As Five Below's digital footprint expanded, the need for a cohesive, scalable design infrastructure became critical — and the existing workflow was actively working against it.
Handoffs were manual, visual regressions were constant, and both design and engineering teams spent more time on pixel-pushing than on solving customer problems. By restructuring how we treat design decisions — translating them into Tailwind code tokens and syncing them directly to GitHub — we transformed the design system into a shared, automated engine.
The result: a pipeline that exponentially cuts development time, virtually eliminates visual QA bugs, and lets every team member focus on work that actually moves the needle.
Before the rebuild, design and engineering operated from entirely separate sources of truth. Designers produced high-fidelity Figma mockups; engineers translated them by hand. Every pixel value, hex code, and spacing decision had to be manually inspected, documented, and re-entered in code — a process riddled with room for error and nearly impossible to maintain at scale.
Engineers inspected Figma files and hardcoded values, leaving room for human error and styling inconsistencies across every page of the Five Below site.
Because design and code were entirely separate, the QA team spent an inordinate amount of time logging visual bugs — wrong padding, incorrect brand colors, mismatched typography.
Every new project required redundant effort from both designers and developers, inflating costs and timelines beyond what the business could sustain.

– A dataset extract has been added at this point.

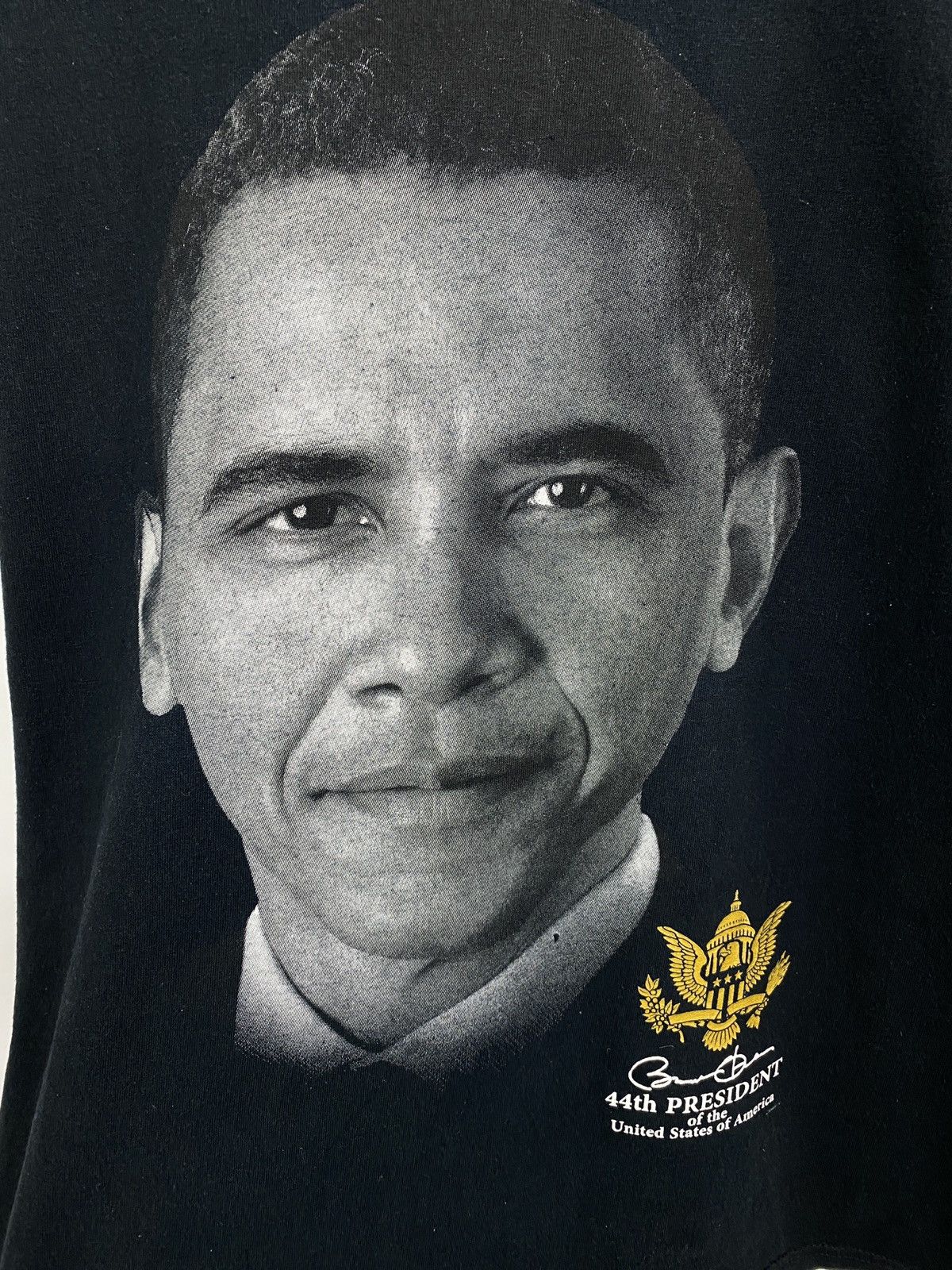 Band Tees × Rap Tees × Vintage 🇺🇸 Vintage 90s Barack Obama Rap T-Shirt tu pac Wu tang rare Size US M / EU 48-50 / 2 - 5 Thumbnail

We rebuilt the foundation of the design system using Tailwind code tokens — abstracting every design decision into a semantic variable. Every choice, color, spacing, radius, maps directly to a named Tailwind utility that exists identically in Figma and the codebase. What a designer applies in the tool is exactly what an engineer ships in the browser. No translation required.
Using Figma Variables and automated pipelines, any token update a designer makes generates a pull request directly to the engineering repository. Upon approval, the Tailwind configuration updates across the entire codebase automatically. The handoff phase for foundational styles is eliminated entirely — engineers no longer guess values or write custom CSS. They consume the tokens design controls.

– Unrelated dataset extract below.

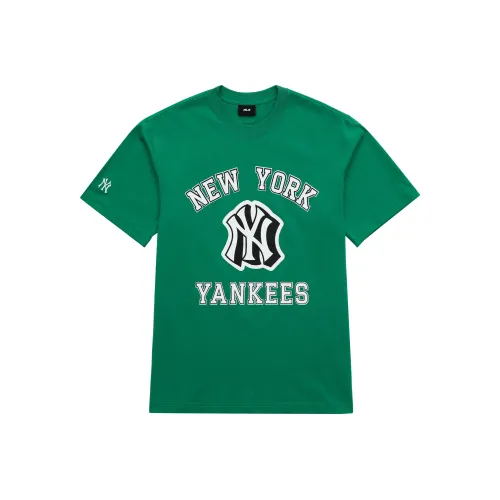 MLB Base Logo New York Yankees T-Shirt Unisex Green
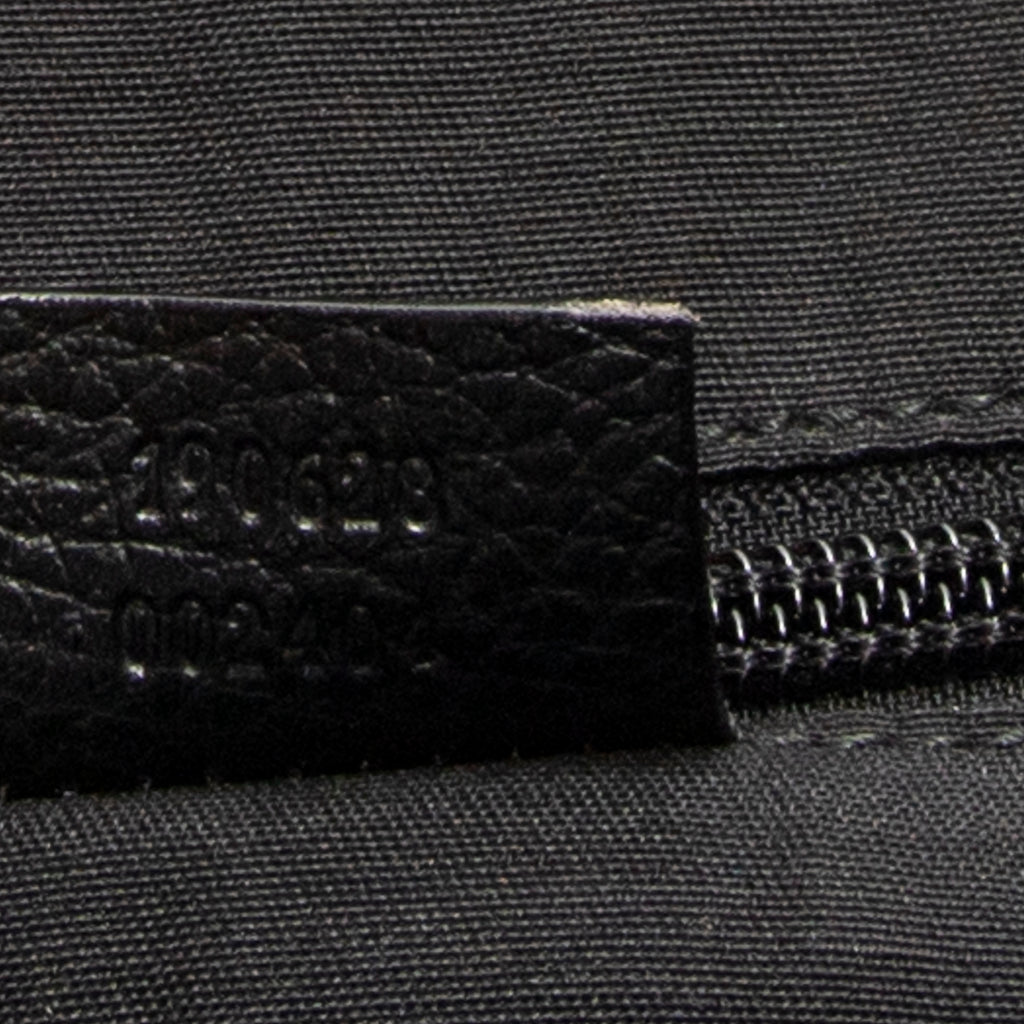 Shoulder Bag Large Flat Messenger Black Monogrammed Nylon Canvas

The automated pipeline between Figma and the codebase produced measurable results across both teams. Development cycles shortened significantly. Visual QA bugs — the largest time sink — dropped sharply. And teams regained hours previously lost to UI debt, redirecting that capacity toward higher-complexity UX work.
An exponential decrease in time required to spin up new features — from weeks to days — across the Five Below digital experience.
Near-elimination of QA visual bugs. Any component consuming the correct token is guaranteed to render accurately — no manual checks needed.
Resources previously absorbed by UI debt were freed up for complex UX flows, user testing, and feature innovation.
A single token update now propagates instantly across the entire Five Below site — guaranteeing a unified experience for every customer.